This would work:
(new Cow).eat(Left[Grass, Rice](new Grass))
but you have another problem - you defined your abstract class Animal
to expect a type FoodType
which is a subtype of Food
. Types Grass
and Rice
are both individually valid subtypes of Food
, but Either[Grass, Rice]
is not.
A bit of underlying theory:
When you work with a type that takes one out of several possible forms, that's called a sum type. As opposed to a product type, which combines all of the given types into one entity (e.g. Person consists of string first name, string last name, integer age etc.), a sum type only takes one materialization out of all the possible ones. This is what you have - your FoodType is either Grass or Rice or Fish.
Your problem here is that you're approaching your sum type with two different constructs which both serve the same purpose of modelling sum types. One approach is having a trait or an abstract class which is then extended by all the possible options:
trait Food
class Grass extends Food
class Rice extends Food
class Fish extends Food
Another approach is using an out-of-the-box sum type such as Either
. Clumsy thing with Either
is the fact that it only takes two possibilities, so for three you would have to have e.g. Either[Grass, Either[Rice, Fish]]
. In some common Scala libraries such as scalaz or cats there are other, more suitable constructs for sum types (also known as "coproducts"), but let's not go into that now.
So, what you need to do is decide whether you want to stick to subtyping or you want to go with Either. For your use case subtyping is completely fine, so just remove the Either and implement type FoodType
as e.g.
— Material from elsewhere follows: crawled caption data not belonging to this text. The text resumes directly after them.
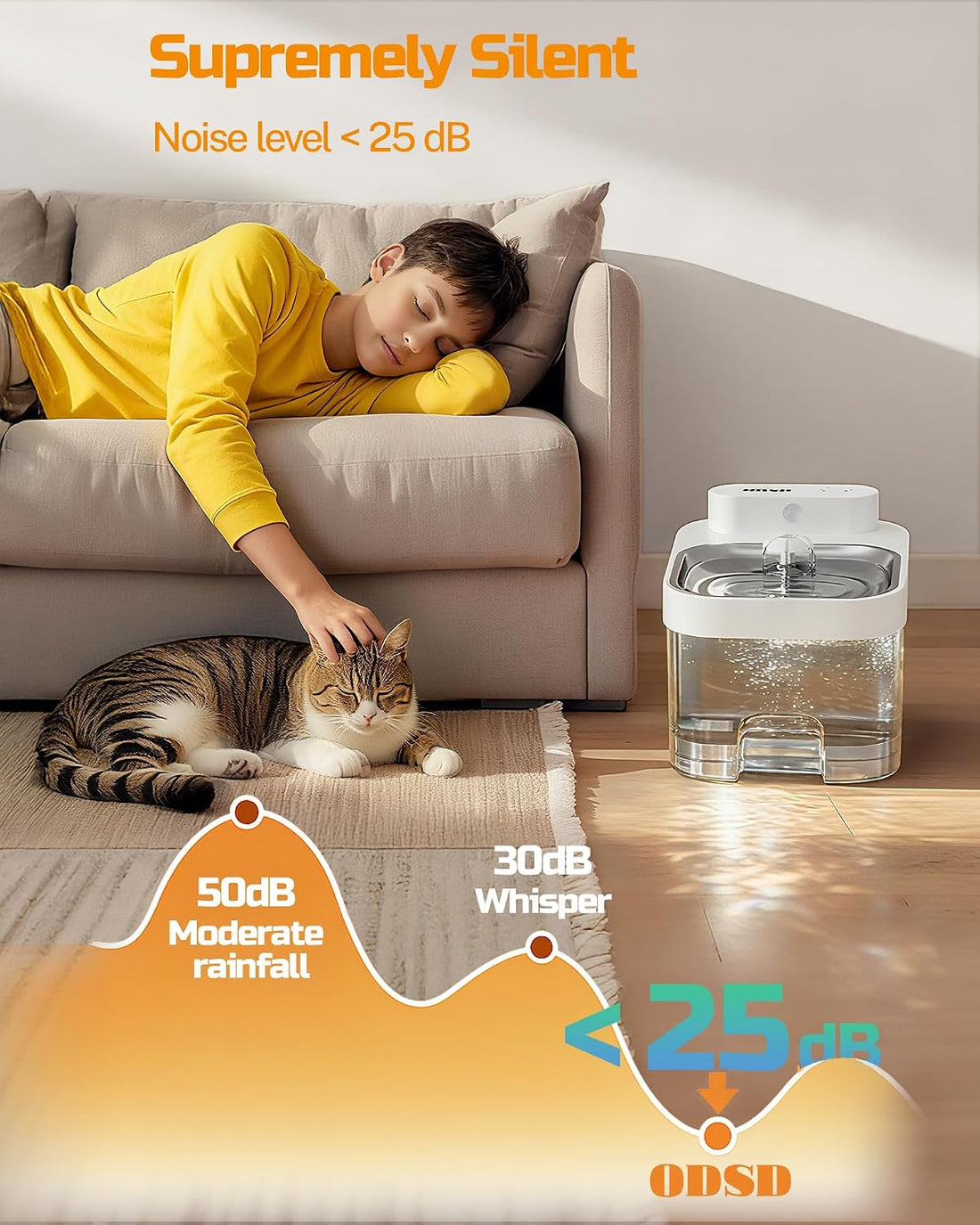 ODSD Filterless Cat Water Fountain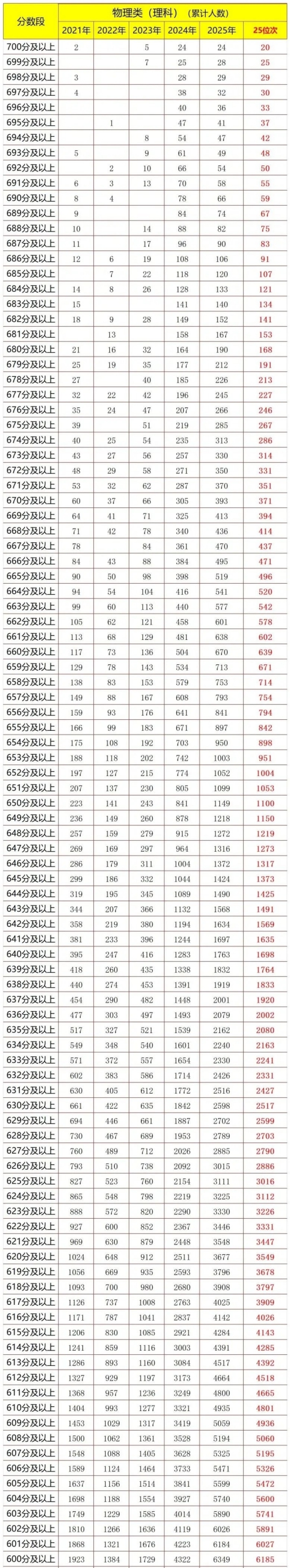 内蒙古高考一分一段表2026年位次查询表（含物理+历史）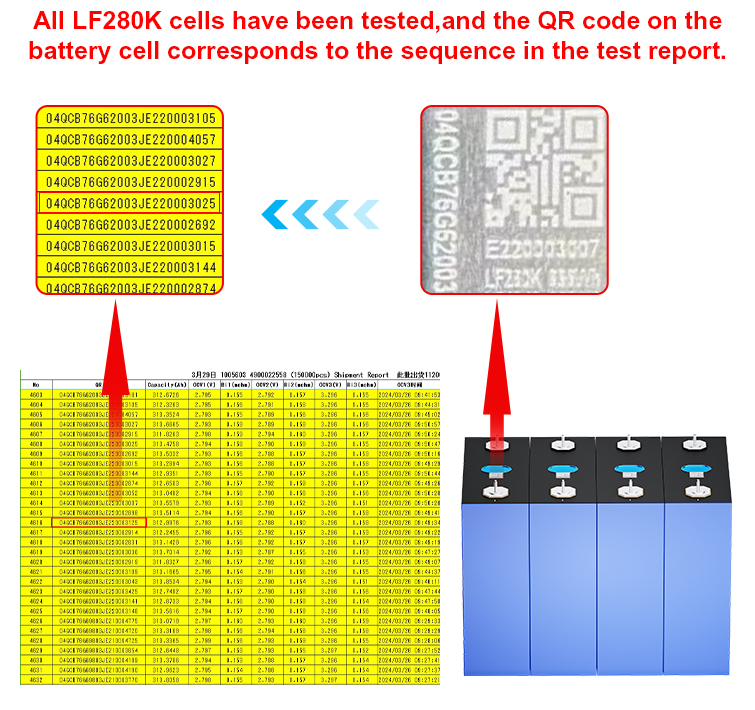 Cell Quality Testing 1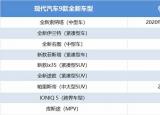 今日更新新车上市方案!（现代在华新车计划曝光!）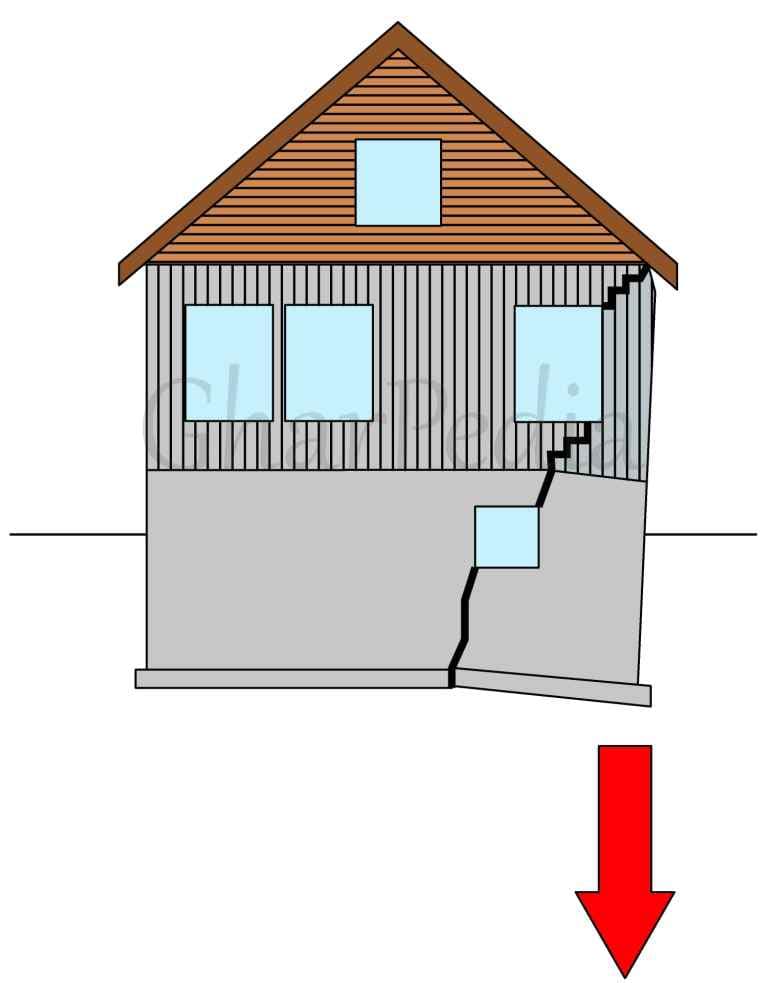 0203050001-01-Differential-Settlement-of-the-Building Differential Settlement of the Building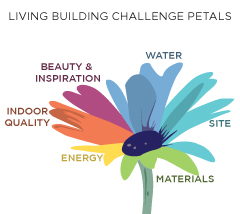 Living Building Challenge Aspects - Petals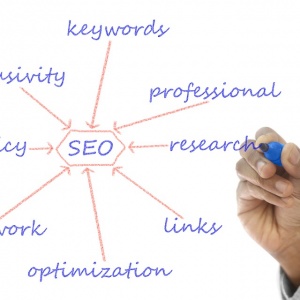 Servicii SEO - Link Building si Optimizare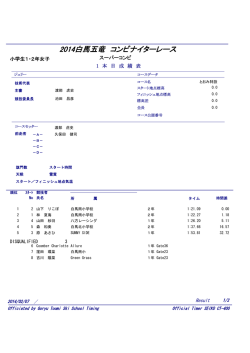 2014白馬五竜 コンビナイターレース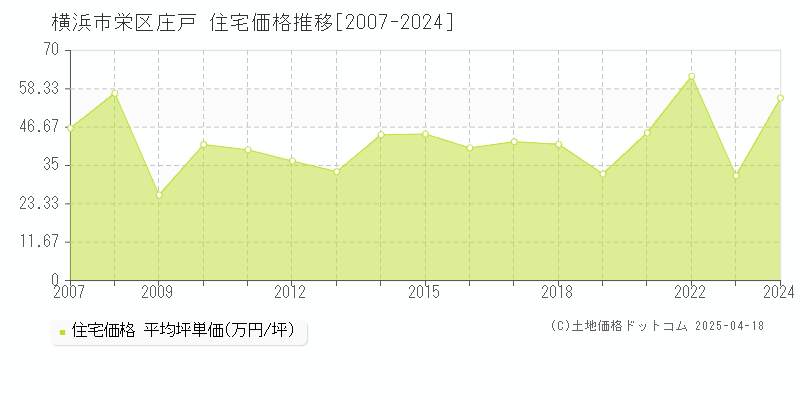 横浜市栄区庄戸の住宅価格推移グラフ 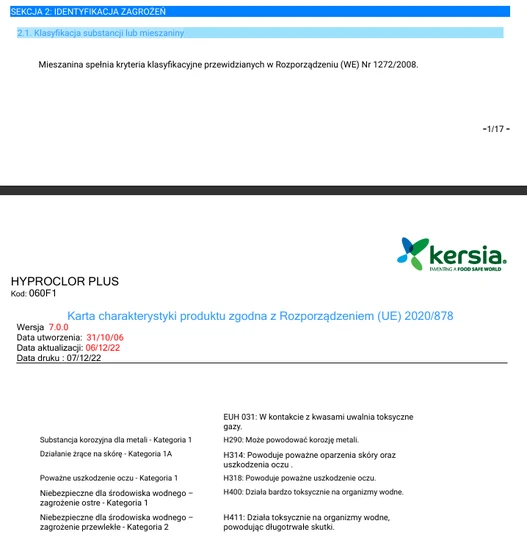 Karta charakterystyki Kersia HYPROCLOR PLUS – sekcja 2 z informacjami o zagrożeniach, bezpieczeństwie stosowania oraz piktogramami produktu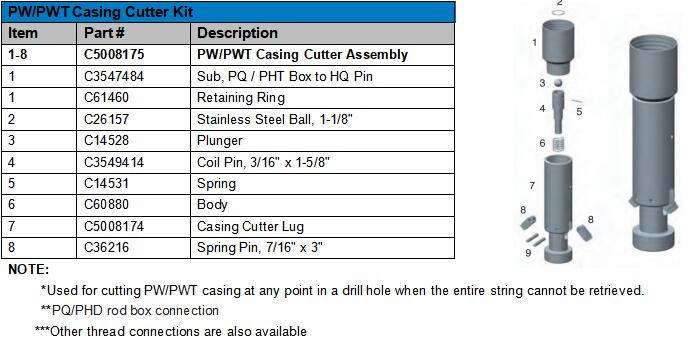 PW PWT CASING CUTTER PIC.jpg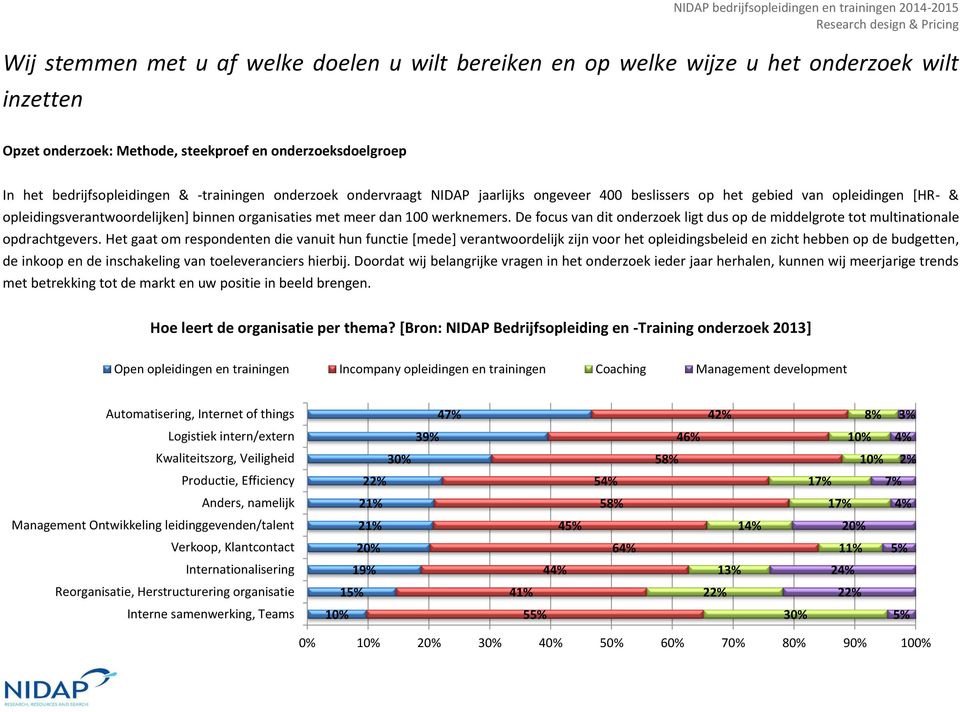 De focus van dit onderzoek ligt dus op de middelgrote tot multinationale opdrachtgevers.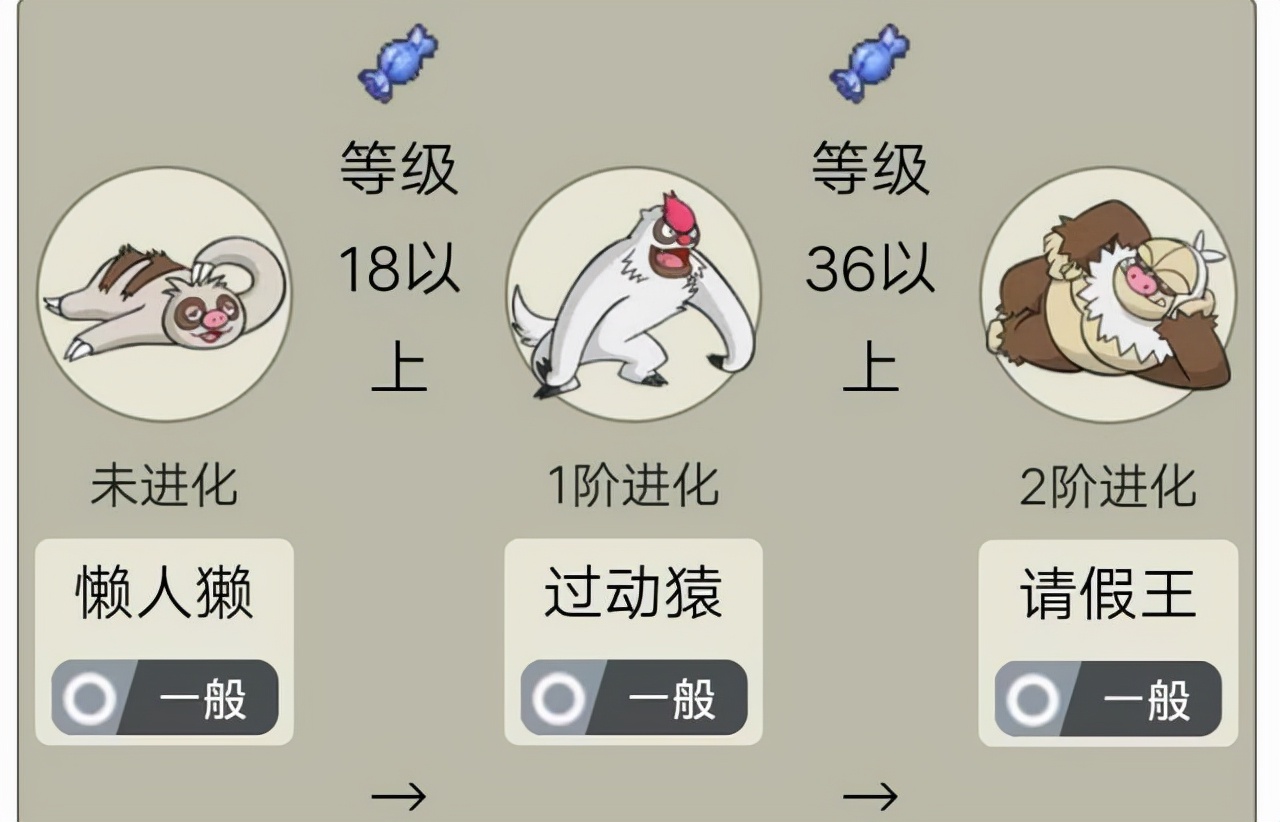特性更改后直接无视任何对手?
Grass
and it will work, as you noted yourself in the comment on the same line.
BTW your Food
is a class, but notice how I said "trait or an abstract class". This is the best practice principle; if you're not expecting to ever need an instance of Food
itself via new Food
(and you're not; you're only going to instantiate its subclasses, e.g. new Grass
), then it's better to not allow such instantiation in the first place.
Another hint is to make such trait / abstract class sealed
and the subtypes final case class
, which means that nobody else can ever provide extra options (that is, introduce some own custom food):
sealed trait Food
final case class Grass extends Food
final case class Rice extends Food
final case class Fish extends Food
Case class (as opposed to standard class) server the purpose of defining some stuff for you out of the box, such as
- methods like equals(), copy() etc.
- support for pattern matching (by implementing apply/unapply for you)
- default companion object, which allows you to use
Grass()
instead of new Grass()
- etc.
But OK I'm diverging :) hopefully this helps.
EDIT:
OK, now I realised your actual problem. You need to introduce another sum type. You already have Food
, but now you need "cow food". You can easily model it exactly like that, adding a CowFood
trait that extends Food
and is extended by Grass
and Rice
.
sealed trait Food
sealed trait CowFood extends Food
sealed trait HorseFood extends Food
sealed trait SealFood extends Food
final case class Grass() extends CowFood with HorseFood
final case class Rice() extends CowFood
final case class Fish() extends SealFood
...
type FoodType = CowFood
(remember that traits are stackable; grass is both cow food and horse food)
I'm not a huge fan of subtyping, but for this particular problem it's a cleaner solution than getting entangled in Eithers and mapping all around the place.